Unfortunately, because this movie is what it is, this is a very serious thing that gets played for laughs. People in U.S. custody, whether it's at Guantanamo or whether it's at the CIA black sites, were sexually tortured. This was not a torture program that somehow found itself able to avoid the pitfalls, shall we say, of the temptation to harm people sexually when you have impunity over them.

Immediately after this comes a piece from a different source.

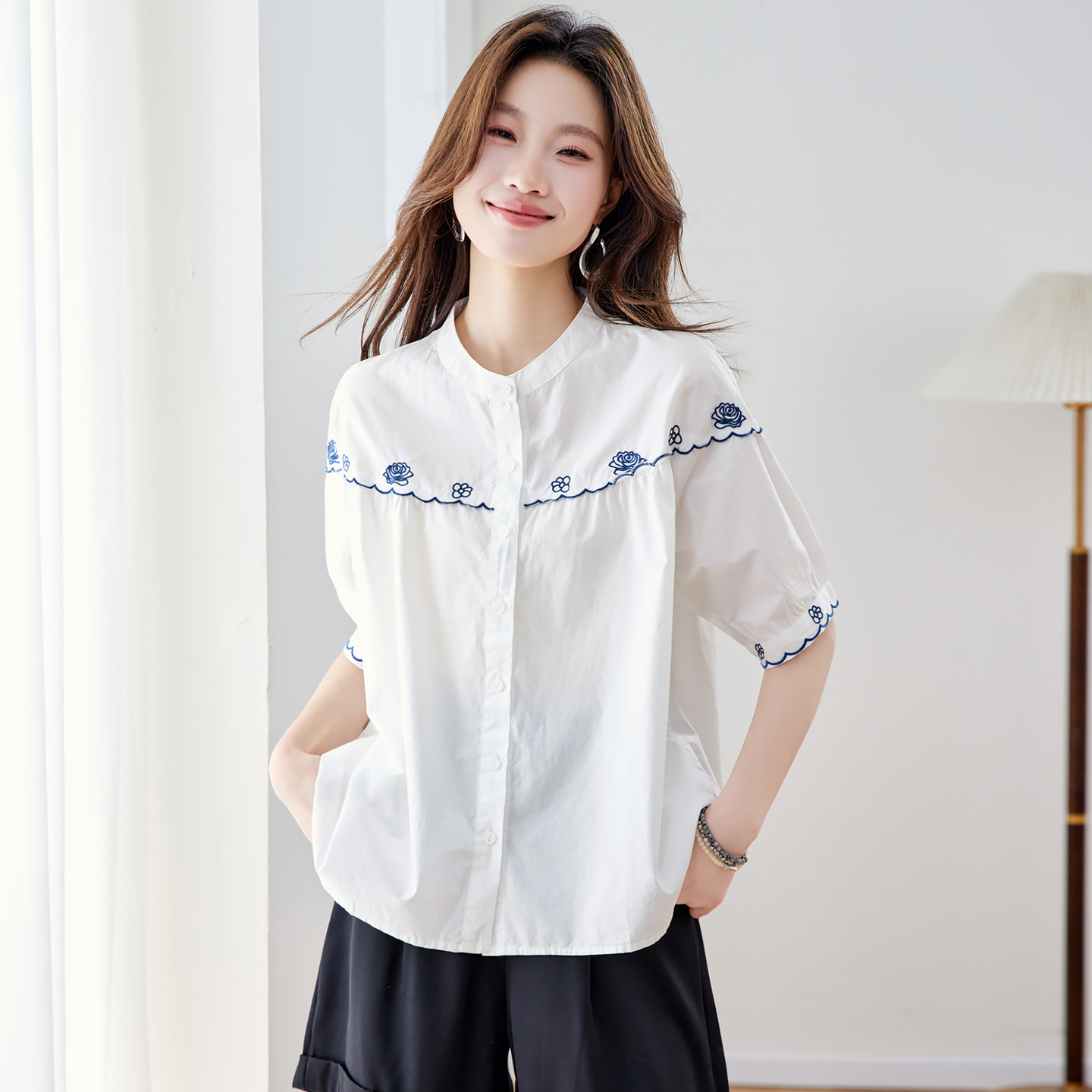 衬衫女款2026新款夏季纯棉宽松显瘦减龄上衣文艺绣花漂亮短袖衬衣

Harold and Kumar, again, badly, offensively to play this for laughs, nevertheless, show the reality that among the things that happen at Guantanamo Bay is sexual assault. I'm unfortunately forgetting the detainee's names, but one of the detainees who went on a hunger strike in 2013, a pivotal moment in the Guantanamo Bay detention facility's history wrote an op-ed that ended up getting published in the New York Times, talking about how among the places that U.S. Guards and medical personnel inserted tubes in order, ostensibly, to forcibly hydrate and feed him, was his penis. Again, very, very rarely have we come to terms with that, or even have it as acceptable framing for what goes on there.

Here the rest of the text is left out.